Why are you majoring in Physics? I have always been interested in nature, ever since I was little. I decided to study physics because I liked how it gives us as basic an understanding of nature as possible, and does so with the precision of the language of mathematics.
What has surprised you about studying physics? One thing that surprised me about studying physics is the amount of skills that some physics research requires that students don’t normally learn in class. For example, I started using a GNU/Linux system as my main operating system when I was a junior in high school just for fun, and I kept the hobby up through college. Then, as a junior in college, I ended up completing a physics research project that required an intimate knowledge of working with Linux systems. I never learned anything about Linux in my classes, so my hobby accidentally ended up paying off. I never realized until later that the computer skills I was learning for fun were directly applicable to actual physics research.
Advice to your peers considering a Physics major? For those considering majoring in physics: Physics is a really rewarding major that not only teaches you about how nature works, but also sharpens your problem-solving skills, which is very helpful even if you go on to have a career outside of physics. Some advice I have for those already doing a physics major is to consider taking an introductory programming class, such as EECS 183. Both physics in the classroom and in research require some knowledge of programming (in languages such as Python or C++), and while these can be learned on the side, it’s nice to have a formal course on the topic that also covers details such as good style and testing your code. I would also consider taking some classes from the math department, such as linear algebra, to help with your understanding of the math used in physics.

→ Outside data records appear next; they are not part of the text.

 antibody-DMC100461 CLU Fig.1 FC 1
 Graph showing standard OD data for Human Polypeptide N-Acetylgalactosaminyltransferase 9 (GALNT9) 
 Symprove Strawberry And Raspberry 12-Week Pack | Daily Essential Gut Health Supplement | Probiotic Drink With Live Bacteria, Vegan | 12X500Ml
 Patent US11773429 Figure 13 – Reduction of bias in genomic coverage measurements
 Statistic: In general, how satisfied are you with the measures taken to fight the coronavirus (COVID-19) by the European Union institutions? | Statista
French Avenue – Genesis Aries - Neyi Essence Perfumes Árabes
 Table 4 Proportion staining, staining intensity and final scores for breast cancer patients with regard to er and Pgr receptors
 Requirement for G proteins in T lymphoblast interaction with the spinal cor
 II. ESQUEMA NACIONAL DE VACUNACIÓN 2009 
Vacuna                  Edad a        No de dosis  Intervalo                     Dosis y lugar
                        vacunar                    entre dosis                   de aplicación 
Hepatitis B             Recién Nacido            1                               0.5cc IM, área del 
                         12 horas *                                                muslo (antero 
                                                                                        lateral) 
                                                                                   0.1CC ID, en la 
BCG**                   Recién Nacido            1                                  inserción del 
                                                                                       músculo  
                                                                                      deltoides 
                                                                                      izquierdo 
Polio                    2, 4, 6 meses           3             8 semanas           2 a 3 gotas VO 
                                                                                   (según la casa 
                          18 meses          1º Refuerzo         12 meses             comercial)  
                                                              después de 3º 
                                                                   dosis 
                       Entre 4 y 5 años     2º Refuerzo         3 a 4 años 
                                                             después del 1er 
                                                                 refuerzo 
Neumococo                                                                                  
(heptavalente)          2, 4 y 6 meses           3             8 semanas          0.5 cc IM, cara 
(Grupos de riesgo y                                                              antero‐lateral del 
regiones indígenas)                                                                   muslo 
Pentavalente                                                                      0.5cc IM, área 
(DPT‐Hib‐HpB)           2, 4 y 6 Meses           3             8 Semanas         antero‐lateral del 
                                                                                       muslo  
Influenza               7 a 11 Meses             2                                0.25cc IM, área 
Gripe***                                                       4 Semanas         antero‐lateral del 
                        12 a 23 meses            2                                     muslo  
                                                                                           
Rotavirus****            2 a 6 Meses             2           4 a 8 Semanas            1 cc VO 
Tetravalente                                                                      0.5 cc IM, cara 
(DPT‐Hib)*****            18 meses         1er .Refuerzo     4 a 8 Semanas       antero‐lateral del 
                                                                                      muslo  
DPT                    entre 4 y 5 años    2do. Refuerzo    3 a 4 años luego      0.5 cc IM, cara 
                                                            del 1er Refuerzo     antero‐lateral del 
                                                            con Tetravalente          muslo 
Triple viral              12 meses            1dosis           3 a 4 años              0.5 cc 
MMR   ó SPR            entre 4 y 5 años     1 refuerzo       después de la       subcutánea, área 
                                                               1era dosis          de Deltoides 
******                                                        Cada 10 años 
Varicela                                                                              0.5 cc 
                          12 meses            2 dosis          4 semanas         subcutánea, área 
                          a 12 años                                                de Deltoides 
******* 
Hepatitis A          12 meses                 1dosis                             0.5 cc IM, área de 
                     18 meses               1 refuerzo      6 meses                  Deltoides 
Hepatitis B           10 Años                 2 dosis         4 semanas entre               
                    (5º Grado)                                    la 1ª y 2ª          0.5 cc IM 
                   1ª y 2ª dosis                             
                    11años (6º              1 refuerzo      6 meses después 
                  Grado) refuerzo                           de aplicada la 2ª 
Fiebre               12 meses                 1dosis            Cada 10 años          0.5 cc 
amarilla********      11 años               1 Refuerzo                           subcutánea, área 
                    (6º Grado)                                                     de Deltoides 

What are your career aspirations? My ambition is to go on to have a career in research. If possible, I would like to stay in my current field of interest, neutrino physics. While I would prefer to work on physics in academia or a national lab, I am also open to a research career in industry working on topics that require a similar skill set, such as electronics or big data.
What do you do when you aren’t studying? One of my favorite hobbies is watching documentaries on random topics on YouTube, e.g. cassowaries, dog shows, the history of whaling.
Highlights: Polina Abratenko has organized a set of approximately hour-long workshops (sometimes they are 1.5 to 2 hours long) on technical subjects not usually covered in the classroom. Current workshops have included an Intro to LaTeX (taught by Polina); CAD; Git/Github; Mathematica; Python Data Visualization; and “GNU/Linux and How to Use a Supercomputer, and the Terminal”. The most recent workshop was a three-part series on Python (taught in part by Polina). There have been 9 workshops total so far. The average number of attendees is 6 students, with a minimum of 4 and a maximum of 12. The workshops are attended by both physics graduate and undergraduate students. These workshops are available throughout the academic year, and are held biweekly (on off-weeks from the biweekly Society of Physics Students seminars). They are scheduled to continue next year.
Polina’s research areas include:
Nanoscale Optics REU (summer 2015) – Worked in a lab to create a material with the same optical properties as chameleon skin. (The REU was at University of North Carolina at Chapel Hill.)
Campbell High Energy Physics Group (KOTO) (2015-2016) – Set up network booting with Scientific Linux 5 on newer lab processors. Completed tutorials on FPGA programming.
Neutrino Physics REU (MicroBooNE) (Summer 2016) – Investigated using multiple Coulomb scattering to determine neutrino-induced muon momentum for the MicroBooNE experiment. (The REU was at Columbia University.)
Spitz Neutrino Group (also working on MicroBoone) (Current) – Continued with multiple Coulomb scattering analyses, including investigating space charge effects and other applications of MCS.